Afortunadamente, me recuperé y la misma gracia que me había dado paz durante el COVID  también me permitió ver las bendiciones ocultas de Dios. Cuando las iglesias de todo el mundo cerraban sus puertas, cuando los hospitales se quedaban sin camas, las funerarias se quedaban sin ataúdes, los mercados sin comida y mi despensa estaba casi vacía, aún encontraba gracia en mis oraciones, en mi creencia en Dios que es Amor y Misericordia.

El primer regalo que percibí fue el tiempo, que vino como un rayo de luz en torno a las penas de la pandemia. Por primera vez en mi vida adulta, ¡tenía tiempo a montones! Al principio, compartía programas de Netflix y jugaba Mahjong en línea. Sin embargo, pronto pude ver que la pandemia duraría mucho más de lo que jamás podría imaginar.

Para no desperdiciar este regalo, decidí dedicar tiempo a nutrir mi fe. Empecé a leer más la Biblia cada día, al principio solo pero luego por teléfono con un amigo. También comencé a rezar el rosario todos los días, por teléfono, con otro amigo. Más de dos años después, aún continuamos con esta práctica.

La segunda y mayor gracia que recibí del COVID fue el anhelo de recibir nuevamente el Cuerpo de Cristo. Después de mi enfermedad, mi apetito no volvió, pero mi anhelo por el cuerpo de Cristo se intensificó. Pasé de asistir a Misa en línea a Misa en el estacionamiento donde finalmente pude recibir la Eucaristía a través de la ventanilla del automóvil.
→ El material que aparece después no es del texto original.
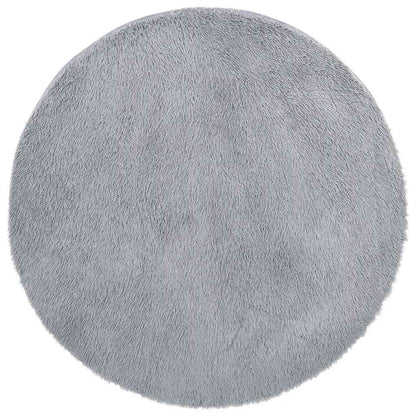 vidaXL Shaggy Rug High Pile NAVARRA Light Grey 120x120 cm Polyester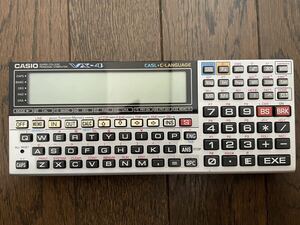 CASIO VX-4 SUPER COLLEGE PERSONAL COMPUTER カシオ スーパーカレッジ ポケットコンピューター 動作確認済み 送料無料 中古品 ケース付き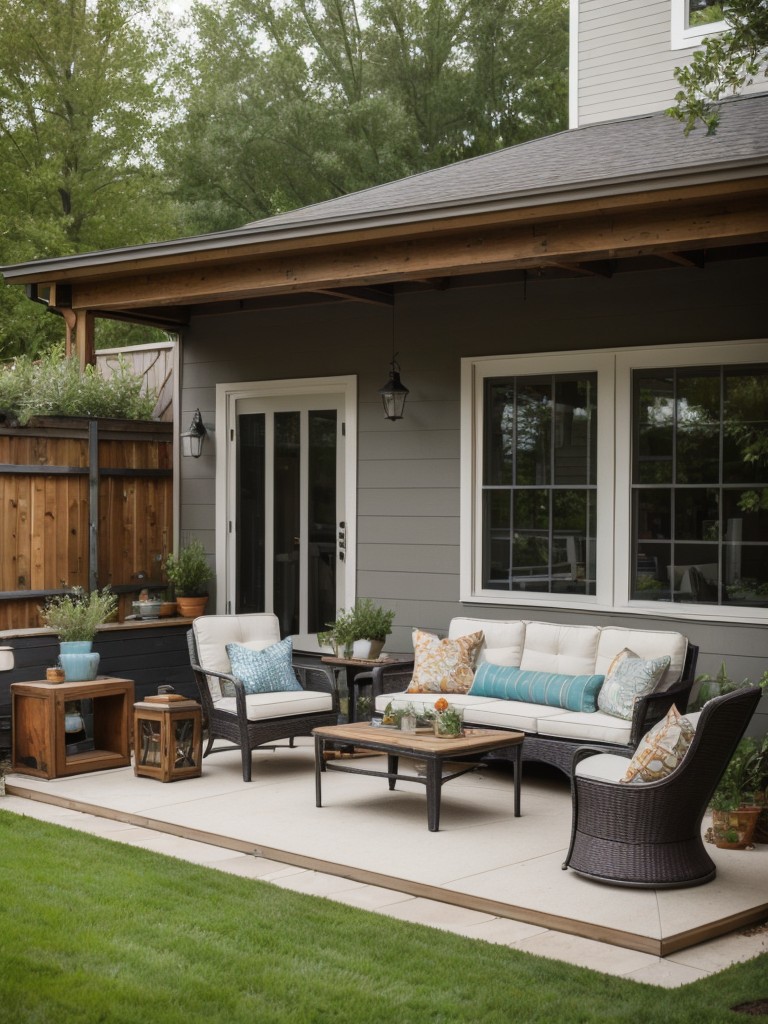 eclectic-backyard-design-mix-vintage-modern-furniture-pieces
A principios del otoño, en el patio de la parroquia de Santa María Goretti, mi primera misa en persona fue en vietnamita.  Ahí sentada en mi silla que traje de casa, en esa misa, en ese jardín, sentí la gracia eterna e infinita de Dios; sentí la gracia de la acción de gracias. Aunque nos sentamos a seis pies de distancia, éramos una iglesia.

Ese día, bajo la sombra de los árboles, cuando la brisa agitó la hierba, sentí como si fuera el soplo de Dios, del Espíritu Santo, tocando mi alma. La alegría del Tết de Año Nuevo de mi padre había regresado. Vuelvo a llenarme de la esperanza de mi madre. Ha llegado el momento de que vuelva a juntar mis manos, orando por la paz en el mundo y dando gracias a Dios en lo alto por bendecirme con Su gracia en una temporada de dolor.